Quando il Malware Contrattacca
Detection stack
- AIDR
- Alert
- ETL
- Query
Riepilogo
Il rapporto descrive una catena di intrusione multi-stadio su Windows che combina uno script batch nascosto, un caricatore basato su PowerShell e shellcode generato da Donut per stabilire un RAT residente in memoria e persistente con capacità di furto di credenziali. Il caricatore fornisce un impianto .NET ingegnerizzato per la furtività, con una robusta copertura anti-analisi, iniezione di processi, e funzionalità di controllo remoto interattivo. I dati rubati vengono inviati tramite webhook su Discord e bot Telegram, rafforzando un design modulare focalizzato sull’esecuzione in memoria e un minimo impatto su disco.
Indagine
L’analisi ha identificato la persistenza attraverso un valore di registro Run per utente che attiva un file batch nascosto in %APPDATA%. Lo script batch contiene un blob Base64 incorporato che viene estratto e decodificato in uno stadio PowerShell. Quel caricatore decritta un payload di shellcode Donut e lo inietta in svchost.exe and explorer.exe, utilizzando API di Windows come CreateRemoteThread per eseguire l’impianto in memoria. Lo stadio decriptato si risolve in un’assembly .NET fortemente offuscata che include la funzionalità di Pulsar RAT più un modulo specifico di furto. I ricercatori hanno osservato controlli anti-VM e anti-debug, misure di sicurezza contro analisi o monitoraggio delle iniezioni, e gestori di comandi che tentano di indebolire le difese locali—come la disattivazione del Task Manager e la manipolazione del comportamento relativo all’UAC.
Mitigazione
Bloccare la creazione di file batch nascosti nei percorsi AppData scrivibili dagli utenti e indagare voci sconosciute aggiunte alle chiavi Run per utente. Monitorare le linee di comando di PowerShell per schemi di decodifica Base64 e segni di attività di iniezione di memoria remota. Utilizzare strumenti endpoint capaci di riconoscere le caratteristiche dello shellcode Donut, rilevare assembly .NET in memoria e segnalare il traffico C2 a Discord e Telegram. Applicare un elenco di autorizzazioni per le applicazioni e applicare controlli di uscita che limitano l’accesso verso endpoint webhook e C2 basati su messaggistica.
Risposta
Se rilevato, isolare l’endpoint, fermare le svchost.exe and explorer.exe istanze legate alla creazione di thread dannosi, e rimuovere sia il file batch nascosto sia il run-key associato alla persistenza. Catturare immagini di memoria per preservare artefatti in memoria, estrarre e analizzare il payload .NET, e cercare nell’ambiente comportamenti e indicatori corrispondenti. Reimpostare le credenziali potenzialmente esposte e revocare eventuali token di webhook Discord/Telegram compromessi per prevenire un’ulteriore esfiltrazione.

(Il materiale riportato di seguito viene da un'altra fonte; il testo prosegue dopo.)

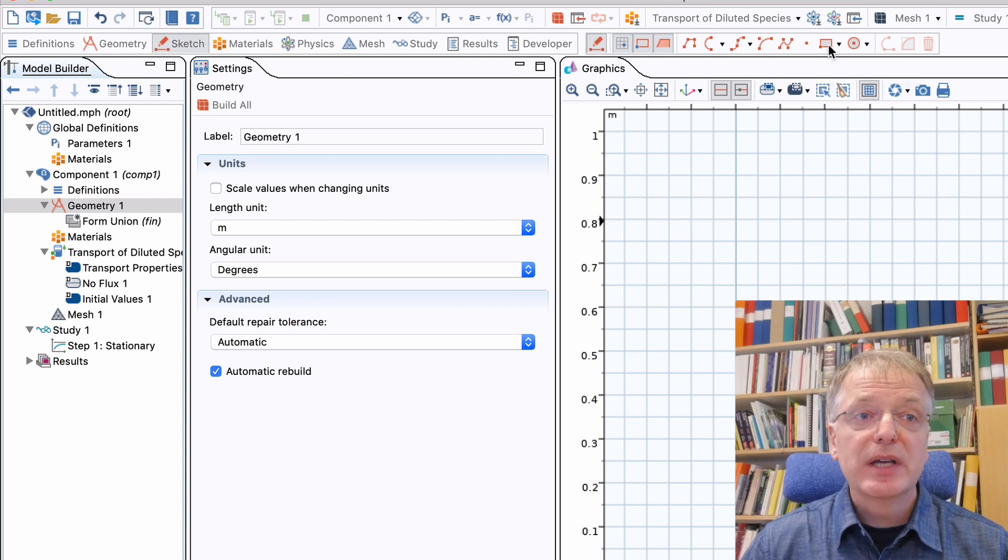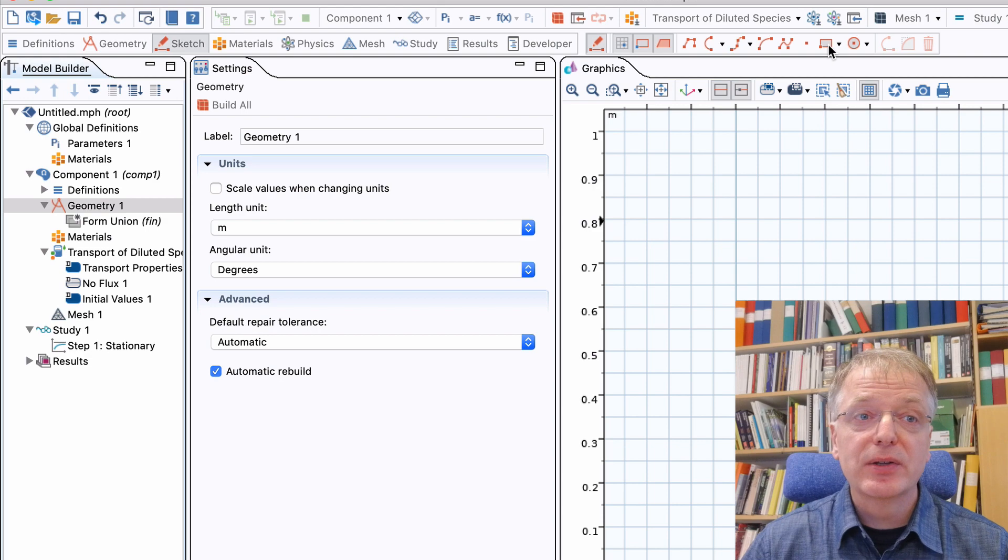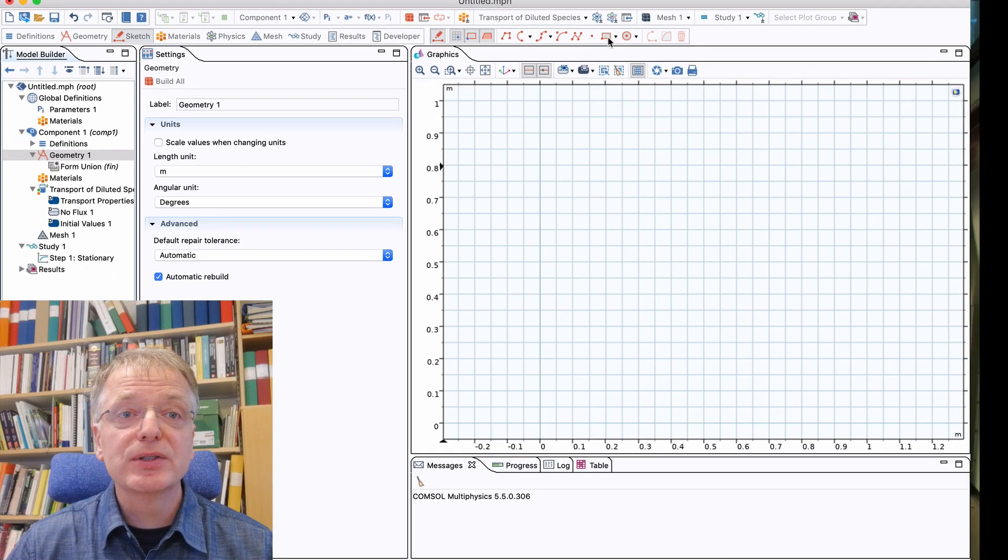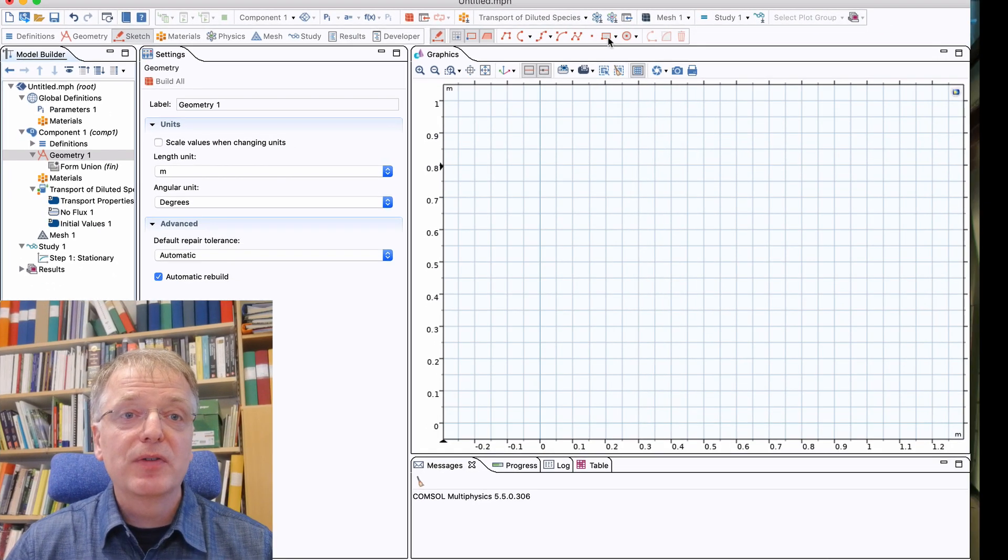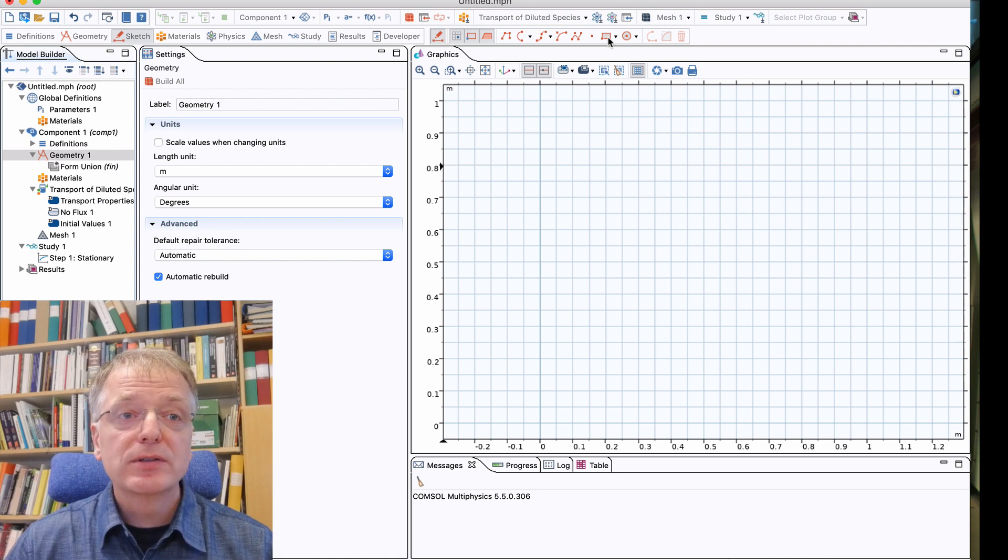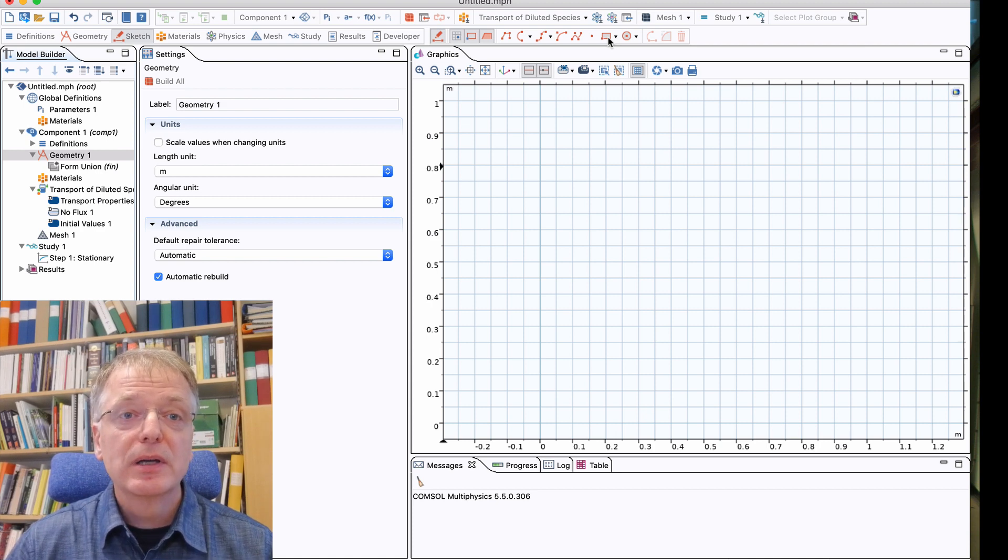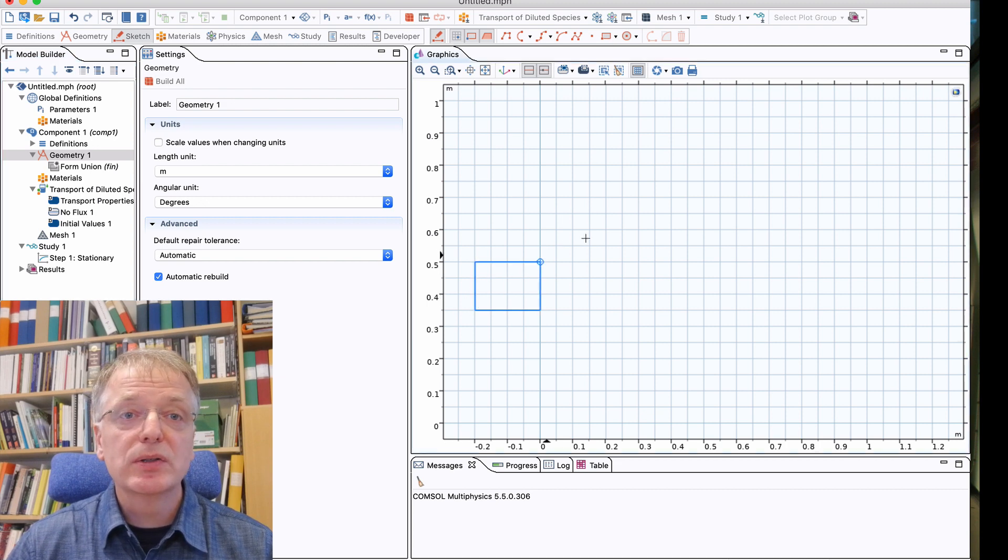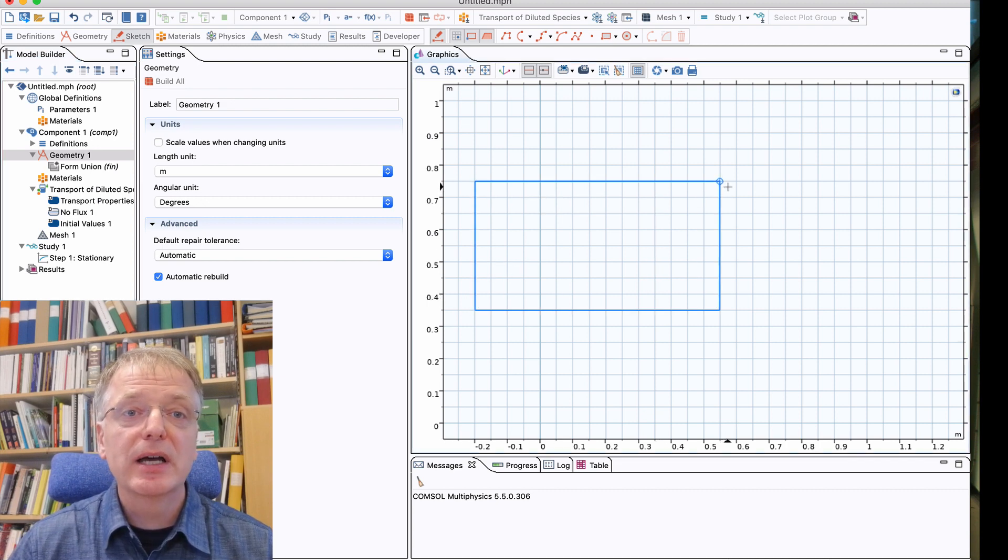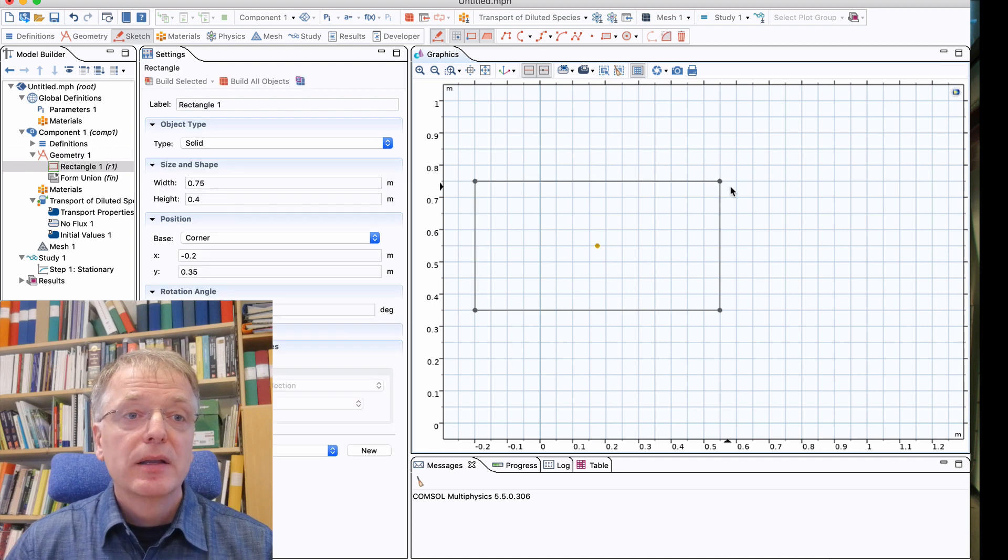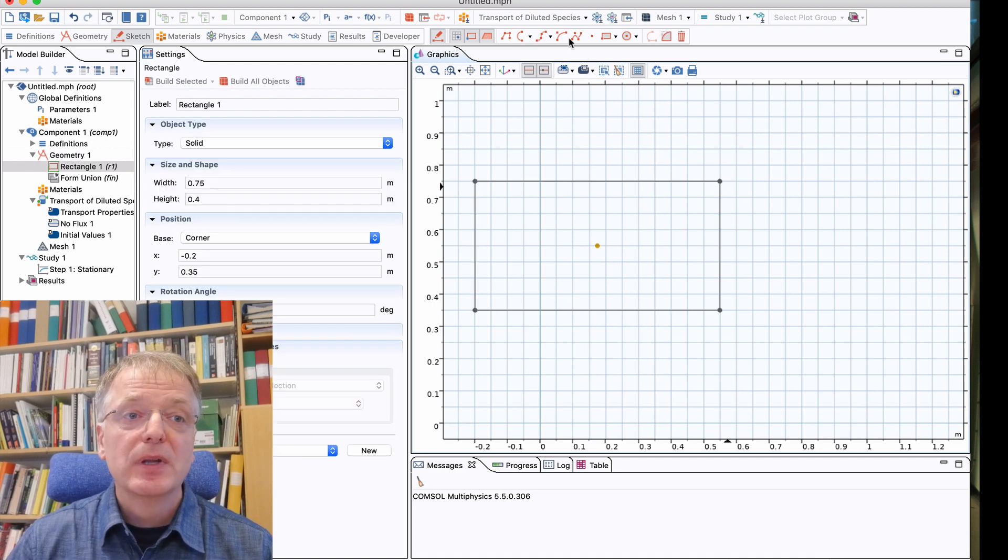I will now sketch my geometry without caring too much about the exact dimensions. We will go back and modify geometry later using parameters. First, let's select the rectangle tool. The rectangle tool icon only has one dot, so you click somewhere and drag to get the size you want.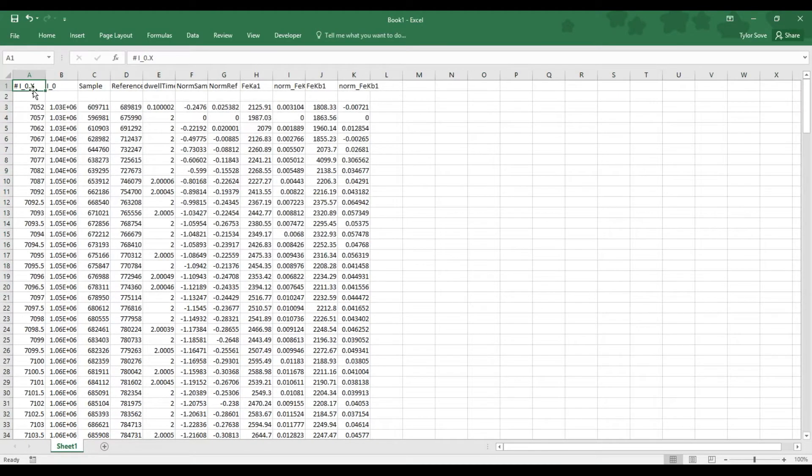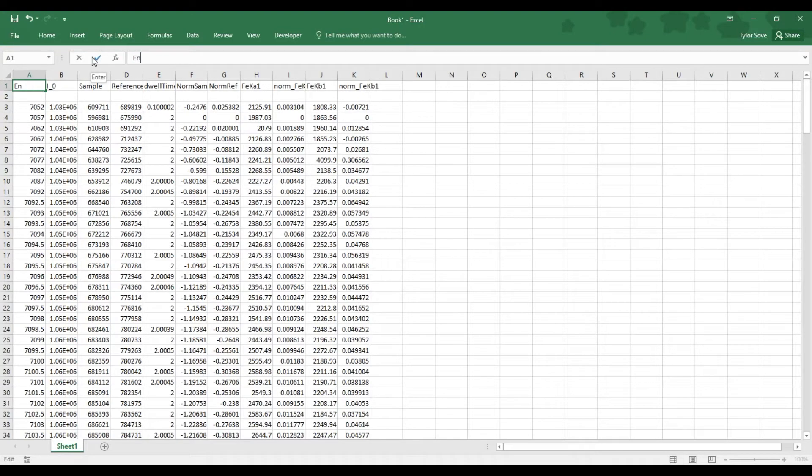What is now in cell A1, as denoted by I0X, this should be renamed to EnergyEV, as this is the energy detected by our detectors.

Parole chiave: malware Windows, caricatore PowerShell, file batch nascosto, AppData, chiave Run, shellcode Donut, CreateRemoteThread, iniezione di processi, .NET in memoria, Pulsar RAT, furto credenziali, webhook Discord, bot Telegram, anti-VM, anti-debug.
Flusso di Attacco
Rilevamenti
Possibile abuso di Telegram come canale di comando e controllo (via dns_query)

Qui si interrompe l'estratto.